The world watched today as the Donald Trump impeachment hearings took a surprise turn when Ambassador to the European Union Gordon Sondland essentially flipped on the President. Pundits (and John Dean himself) called it a “John Dean moment,” referring to the testimony of the former White House counsel to Richard Nixon, who cooperated with prosecutors and implicated Nixon in the Watergate cover-up.
With current and past impeachments very much in the air, Gallery 98 Bowery in New York, an online outfit that deals in “art ephemera from the 1960s to the 1990s,” is hosting a timely online exhibition: pastel drawings made by courtroom artist Freda Reiter during the mid-1970s trials of close Nixon advisors and collaborators, John N. Mitchell, H. R. Haldeman, and John D. Ehrlichman. (Nixon, of course, avoided the courtroom by resigning from the presidency in August of 1974.)
“Obviously, there are parallels,” says Marc H. Miller, the curator and gallerist behind Gallery 98 Bowery, on a phone call with Artnet News.
Miller says there has been a lot of interest in Reiter’s pastels lately, likely a result of the renewed interest in impeachments, but also because the images are simply very good. “She’s an extremely talented artist,” Miller continues. “That drawing of Halderman listening in on the headphones is just a stunning picture.”
Miller says that the historical value of these drawings is remarkable, with Reiter capturing some of the only direct depictions of one of the greatest denouements in American history. Reiter was given access to the courtroom as the official courtroom artist for ABC News.
“They could show the news commentator, or they could use one of Freida Reiter’s pastels,” says Miller. “A courtroom illustrator like Reiter, her greatest value came as part of the judicial process in the courtrooms where photographers weren’t allowed back then.”
When ABC initially sent Reiter, who passed away in 1986, to cover the trials, the courtroom artist didn’t expect it to become such an epic commitment.
“She didn’t even live in Washington, D.C.,” says Miller. “My understanding was that she lived in Jersey and they asked her to go down for the early moments, and she found herself there for an almost two-year period.”

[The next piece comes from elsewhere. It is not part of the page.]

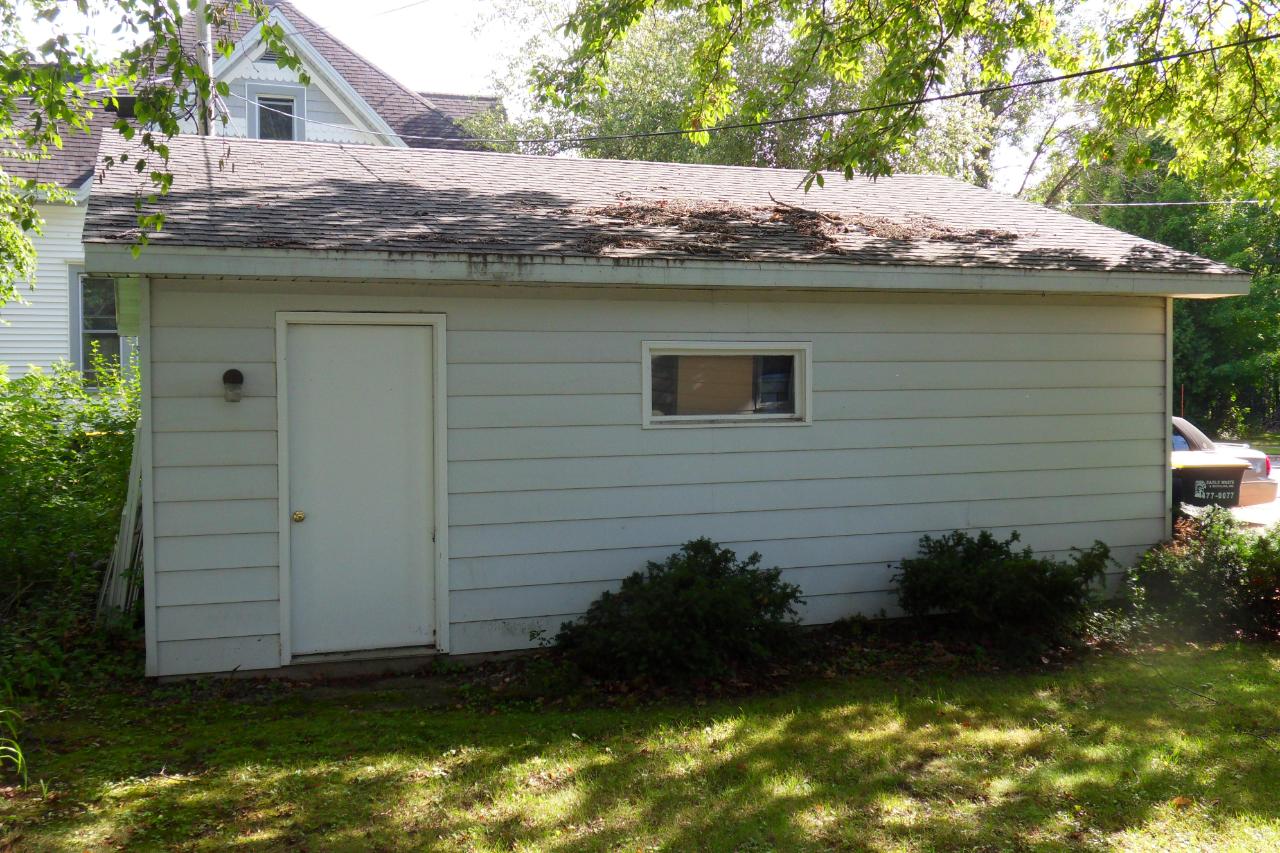 207 South Oneida Avenue Rhinelander, WI 54501 - Photo 21 of 21 Gallery Image 21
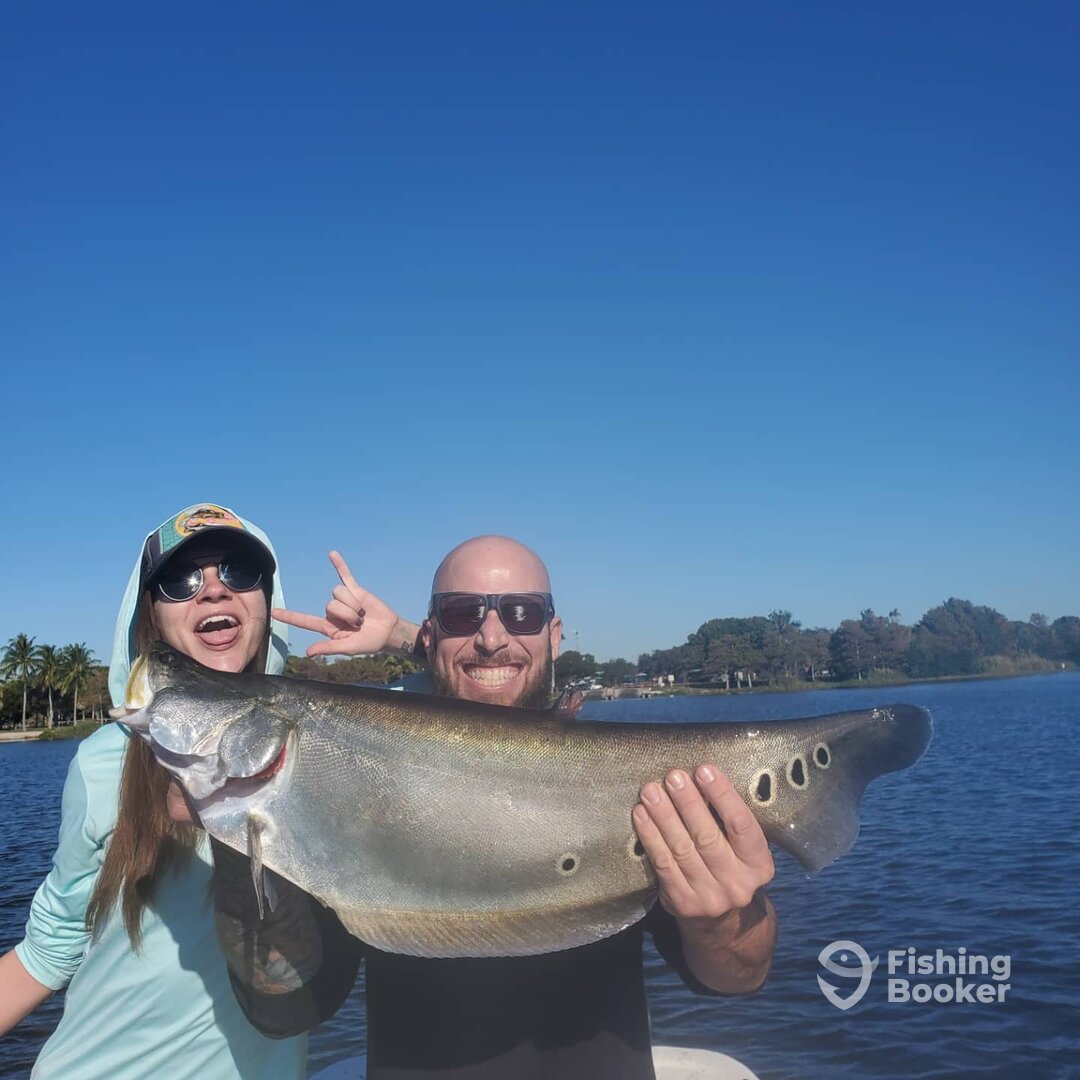 Delray Beach Report Photo 0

Miller points out a few pastels that have particular historical relevance. That includes a drawing of James D. St. Clair, Nixon’s attorney, before the Supreme Court during the hearings to decide whether the infamous “Nixon tapes” would be released; and one of Judge John Sirica, who presided over the trials of the Watergate burglars, instructing jurors. In certain other drawings, Reiter imagines Nixon himself, in the midst of phone conversations that were central to the trials.
Miller, who was a curator at the Queens Museum when the Watergate scandal broke, first developed an interest in courtroom drawings through Harper’s Weekly, a fin-de-siecle political magazine that had a brief resurrection in the 1970s. When he saw a small ad for an auction of Reiter’s estate in Philadelphia, he hopped on Amtrak to attend the sale, where he purchased the Watergate drawings and dug through Reiter’s vast archives.
“I decided to focus on the Watergate ones because I was buying them as an investment,” he says. “I regret a few things I passed up: a batch from around Sandra Day O’Connor’s appointment and presence on the Supreme Court, and some of Patty Hearst’s trial. Most of the trials covered that were topical at the time have faded, but it seemed clear to me that Watergate would have continued currency.”